Before this pullback started, Netflix stock had doubled in just 12 months. Its three-year return stood at an incredible 1,500%. Critics often call Netflix a "momentum stock," always with an implied sneer at the low quality of these high-flying disasters. Like Icarus, momentum stocks are assumed to trade on hot air and empty promises, devoid of fundamental business strength and real value-driving news. In this view, Netflix may have flown too close to the sun and started a massive correction.
Wedbush Securities analyst Michael Pachter, for instance, recently set his Netflix target price at $40 per share. His valuation is based strictly on trailing earnings and modest P/E multiples. If the market quickly adopts that conservative view, Netflix could fall another 60% or more, even from this discounted starting price.

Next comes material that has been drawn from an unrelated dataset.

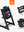 Stokke Tripp Trapp Black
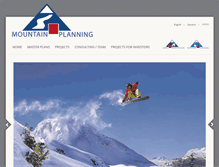 Tablet Screenshot of mountain-planning.com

If you agree with this point of view, then it's definitely time to sell the stock or maybe even short it. In fact, short-selling might very well be your only bearish option (short of trading options, of course). If you share Pachter's view on Netflix, I'd be shocked to see you actually owning shares in the first place.
Why? Well, that leads us right into...
No news is bad news? You see, Netflix has suddenly plunged 16% lower on no negative news at all.
None. Zero. Zilch.
I'd understand if you were holding Netflix, and then changed your mind in the face of terrible news or management blunders. Many Netflix investors lost all hope in 2011, for example, when CEO Reed Hastings split the DVD and streaming services in a very clumsy way.
Hastings would have loved to have spent the next couple of years making the most of his new operating structure. Instead, he had to retrench and take a much less aggressive approach. 2012 to 2014 were spent "rebuilding the brand," and Hastings saw himself as "on probation" during this period.
But that's not at all what's happening today. The best explanation for this quick selling action is profit-taking. The stock has run far and fast, and there's nothing wrong with taking some chips off the table -- especially if you're nervous about the state of the global economy again.
But other than that, there's not much to report.
The British press caught Netflix shooting some scenes for its upcoming drama series about Queen Elizabeth II, reminding us all that the company is spending roughly $160 million to create the 60-episode series. But that's only a reminder -- no fresh news. And on the upside, you could easily argue that Netflix wouldn't spend that kind of money on a dead-end project. Netflix originals have delivered more hits than flops, after all. Why expect disaster for this particular title, which comes with a heaping side of pop-culture relevance?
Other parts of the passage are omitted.